The task >> The listing below holds a line with "Cropped image of" and a later line with "Sharpie 12087, Adoptable, Senior". Write out those two lines and every line between them, exactly, and nothing else.

Excerpted data >>
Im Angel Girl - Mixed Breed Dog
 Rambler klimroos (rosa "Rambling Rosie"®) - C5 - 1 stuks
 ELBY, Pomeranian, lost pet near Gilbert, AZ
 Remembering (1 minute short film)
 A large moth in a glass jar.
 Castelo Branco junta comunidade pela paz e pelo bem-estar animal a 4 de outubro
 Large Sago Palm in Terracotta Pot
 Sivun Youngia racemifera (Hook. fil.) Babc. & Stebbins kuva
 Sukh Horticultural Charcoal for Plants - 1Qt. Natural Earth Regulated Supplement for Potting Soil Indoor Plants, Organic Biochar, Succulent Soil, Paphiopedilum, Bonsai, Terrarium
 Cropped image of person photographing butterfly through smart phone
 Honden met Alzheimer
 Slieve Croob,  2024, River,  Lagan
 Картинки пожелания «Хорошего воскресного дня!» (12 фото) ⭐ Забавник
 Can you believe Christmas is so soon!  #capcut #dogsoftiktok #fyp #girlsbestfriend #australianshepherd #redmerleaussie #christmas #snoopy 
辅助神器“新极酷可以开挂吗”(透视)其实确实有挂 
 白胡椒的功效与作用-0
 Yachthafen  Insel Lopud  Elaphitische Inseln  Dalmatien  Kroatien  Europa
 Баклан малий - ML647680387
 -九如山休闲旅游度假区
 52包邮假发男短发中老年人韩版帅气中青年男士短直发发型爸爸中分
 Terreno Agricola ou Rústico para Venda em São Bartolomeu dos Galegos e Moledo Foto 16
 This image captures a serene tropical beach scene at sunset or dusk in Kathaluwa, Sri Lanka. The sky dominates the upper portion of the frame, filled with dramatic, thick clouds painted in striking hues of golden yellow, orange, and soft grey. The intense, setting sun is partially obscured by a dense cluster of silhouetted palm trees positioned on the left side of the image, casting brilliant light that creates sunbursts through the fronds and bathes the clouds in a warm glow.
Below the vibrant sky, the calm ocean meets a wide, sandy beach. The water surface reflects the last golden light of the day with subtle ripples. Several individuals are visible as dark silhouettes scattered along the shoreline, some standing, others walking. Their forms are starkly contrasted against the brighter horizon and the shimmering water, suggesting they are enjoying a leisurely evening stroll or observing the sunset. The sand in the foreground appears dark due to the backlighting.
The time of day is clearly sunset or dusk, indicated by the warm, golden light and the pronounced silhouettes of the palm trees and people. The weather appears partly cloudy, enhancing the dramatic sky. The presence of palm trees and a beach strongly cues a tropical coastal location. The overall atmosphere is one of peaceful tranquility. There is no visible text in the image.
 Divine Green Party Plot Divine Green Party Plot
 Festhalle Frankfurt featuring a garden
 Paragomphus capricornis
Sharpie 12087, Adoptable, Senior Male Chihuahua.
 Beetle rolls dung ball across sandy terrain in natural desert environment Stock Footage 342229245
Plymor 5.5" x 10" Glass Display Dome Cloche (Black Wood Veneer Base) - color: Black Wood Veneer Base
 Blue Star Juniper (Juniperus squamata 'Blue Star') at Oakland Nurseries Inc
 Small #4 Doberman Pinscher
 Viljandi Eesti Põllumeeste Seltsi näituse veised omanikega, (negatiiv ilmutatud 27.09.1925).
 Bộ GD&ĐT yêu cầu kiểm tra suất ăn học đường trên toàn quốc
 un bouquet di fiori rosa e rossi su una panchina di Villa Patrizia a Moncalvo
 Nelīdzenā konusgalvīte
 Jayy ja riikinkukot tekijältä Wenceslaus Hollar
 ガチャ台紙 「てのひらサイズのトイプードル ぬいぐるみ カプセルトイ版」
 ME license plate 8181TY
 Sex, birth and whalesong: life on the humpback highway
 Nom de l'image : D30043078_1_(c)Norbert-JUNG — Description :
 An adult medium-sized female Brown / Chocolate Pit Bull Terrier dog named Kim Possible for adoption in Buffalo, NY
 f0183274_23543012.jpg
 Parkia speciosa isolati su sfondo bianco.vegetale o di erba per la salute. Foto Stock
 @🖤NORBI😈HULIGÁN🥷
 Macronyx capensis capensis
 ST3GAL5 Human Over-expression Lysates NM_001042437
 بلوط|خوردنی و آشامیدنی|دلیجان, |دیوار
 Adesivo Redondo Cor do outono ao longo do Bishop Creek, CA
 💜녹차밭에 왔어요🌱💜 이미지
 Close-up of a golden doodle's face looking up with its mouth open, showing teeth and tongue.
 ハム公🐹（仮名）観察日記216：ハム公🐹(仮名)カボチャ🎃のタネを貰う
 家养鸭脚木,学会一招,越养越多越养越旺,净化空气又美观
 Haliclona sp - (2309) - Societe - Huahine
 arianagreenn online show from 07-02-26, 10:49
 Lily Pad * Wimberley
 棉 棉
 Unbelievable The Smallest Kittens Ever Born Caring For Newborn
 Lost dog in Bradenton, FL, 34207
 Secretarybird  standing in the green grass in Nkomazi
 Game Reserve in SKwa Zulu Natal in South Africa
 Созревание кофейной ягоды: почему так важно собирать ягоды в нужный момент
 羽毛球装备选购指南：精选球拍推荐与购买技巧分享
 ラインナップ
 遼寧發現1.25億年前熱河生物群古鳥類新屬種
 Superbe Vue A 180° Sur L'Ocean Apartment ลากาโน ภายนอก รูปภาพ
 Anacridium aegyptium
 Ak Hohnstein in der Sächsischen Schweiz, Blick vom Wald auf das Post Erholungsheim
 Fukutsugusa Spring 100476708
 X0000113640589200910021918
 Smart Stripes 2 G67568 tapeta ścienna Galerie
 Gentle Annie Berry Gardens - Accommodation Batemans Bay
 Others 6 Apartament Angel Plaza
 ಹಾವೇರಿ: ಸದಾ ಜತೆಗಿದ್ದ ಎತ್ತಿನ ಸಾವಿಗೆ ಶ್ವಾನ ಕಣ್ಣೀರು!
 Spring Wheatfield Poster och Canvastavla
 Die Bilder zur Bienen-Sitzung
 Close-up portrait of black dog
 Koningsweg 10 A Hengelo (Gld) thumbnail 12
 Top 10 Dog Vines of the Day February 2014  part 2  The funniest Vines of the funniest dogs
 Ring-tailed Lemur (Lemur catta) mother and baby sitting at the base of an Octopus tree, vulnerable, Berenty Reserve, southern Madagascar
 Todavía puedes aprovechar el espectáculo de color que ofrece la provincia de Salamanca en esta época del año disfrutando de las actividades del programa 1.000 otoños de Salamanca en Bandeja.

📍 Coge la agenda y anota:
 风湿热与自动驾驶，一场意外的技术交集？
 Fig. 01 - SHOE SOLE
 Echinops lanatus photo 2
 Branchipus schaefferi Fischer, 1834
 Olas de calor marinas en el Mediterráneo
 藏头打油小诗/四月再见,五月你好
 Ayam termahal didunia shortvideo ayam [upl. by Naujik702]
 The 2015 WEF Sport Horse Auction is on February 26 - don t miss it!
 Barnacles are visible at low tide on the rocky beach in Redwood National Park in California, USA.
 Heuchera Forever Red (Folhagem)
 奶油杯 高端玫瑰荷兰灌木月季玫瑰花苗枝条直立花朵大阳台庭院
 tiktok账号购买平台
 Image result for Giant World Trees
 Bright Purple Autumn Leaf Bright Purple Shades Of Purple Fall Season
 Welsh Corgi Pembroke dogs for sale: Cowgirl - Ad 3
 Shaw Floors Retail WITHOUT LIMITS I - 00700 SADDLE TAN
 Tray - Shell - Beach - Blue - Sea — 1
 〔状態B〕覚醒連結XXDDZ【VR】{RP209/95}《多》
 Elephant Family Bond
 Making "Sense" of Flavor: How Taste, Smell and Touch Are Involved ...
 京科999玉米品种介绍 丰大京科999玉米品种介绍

Your solution >>
 Cropped image of person photographing butterfly through smart phone
 Honden met Alzheimer
 Slieve Croob,  2024, River,  Lagan
 Картинки пожелания «Хорошего воскресного дня!» (12 фото) ⭐ Забавник
 Can you believe Christmas is so soon!  #capcut #dogsoftiktok #fyp #girlsbestfriend #australianshepherd #redmerleaussie #christmas #snoopy 
辅助神器“新极酷可以开挂吗”(透视)其实确实有挂 
 白胡椒的功效与作用-0
 Yachthafen  Insel Lopud  Elaphitische Inseln  Dalmatien  Kroatien  Europa
 Баклан малий - ML647680387
 -九如山休闲旅游度假区
 52包邮假发男短发中老年人韩版帅气中青年男士短直发发型爸爸中分
 Terreno Agricola ou Rústico para Venda em São Bartolomeu dos Galegos e Moledo Foto 16
 This image captures a serene tropical beach scene at sunset or dusk in Kathaluwa, Sri Lanka. The sky dominates the upper portion of the frame, filled with dramatic, thick clouds painted in striking hues of golden yellow, orange, and soft grey. The intense, setting sun is partially obscured by a dense cluster of silhouetted palm trees positioned on the left side of the image, casting brilliant light that creates sunbursts through the fronds and bathes the clouds in a warm glow.
Below the vibrant sky, the calm ocean meets a wide, sandy beach. The water surface reflects the last golden light of the day with subtle ripples. Several individuals are visible as dark silhouettes scattered along the shoreline, some standing, others walking. Their forms are starkly contrasted against the brighter horizon and the shimmering water, suggesting they are enjoying a leisurely evening stroll or observing the sunset. The sand in the foreground appears dark due to the backlighting.
The time of day is clearly sunset or dusk, indicated by the warm, golden light and the pronounced silhouettes of the palm trees and people. The weather appears partly cloudy, enhancing the dramatic sky. The presence of palm trees and a beach strongly cues a tropical coastal location. The overall atmosphere is one of peaceful tranquility. There is no visible text in the image.
 Divine Green Party Plot Divine Green Party Plot
 Festhalle Frankfurt featuring a garden
 Paragomphus capricornis
Sharpie 12087, Adoptable, Senior Male Chihuahua.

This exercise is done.